The music industry continues to feed society with the fantasy that sex is appealing and should be enjoyed with abandonment. This perception has exposed young minds to a skewed mindset devoid of self-respect and appreciation. Every day the media is awash with stories of young women expressing their desire for plastic surgery for aesthetic purposes, specifically to boost their rear parts, hips, and breasts.
To this generation of misguided souls, the only way they can be appealing sexually is to have certain standards which have been set by the music industry in its quest for profitability.

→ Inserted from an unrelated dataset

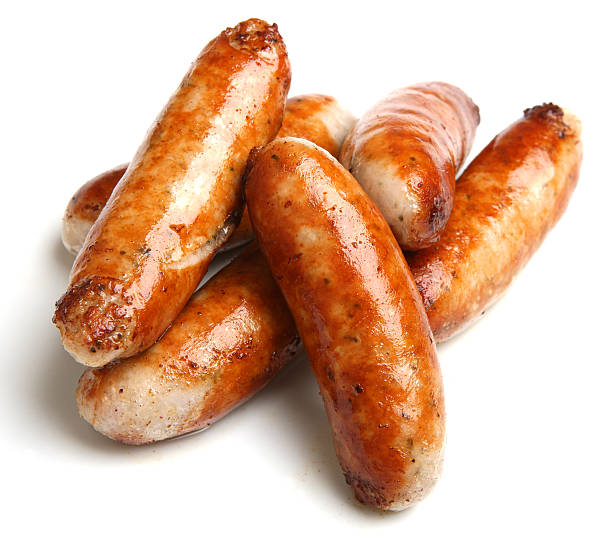 Cooked sausage piled together with a white background Stack of cooked sausages. sausage stock pictures, royalty-free photos & images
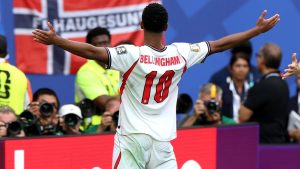 Jude Bellingham, em uniforme da Inglaterra, comemora com os braços abertos em campo durante partida após eliminação na Copa do Mundo.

Few music videos emphasize that everyone is sexually beautiful and appealing by his or her birthright. The standards set by music producers and writers are a fallacy that cannot satisfy the objectives of sex, whether for pleasure or procreation.
Fortunately, not everything is lost, as some musicians have come up with love songs without the commodification of sex. Adele, in her record-breaking song, Hello, shows that music can still be used to communicate love and sex with decency. Unfortunately, the popular culture is drunk with explicit sexual content, and the likes of Adele will have to work extra hard to liberate society from sinking deeper into debauchery.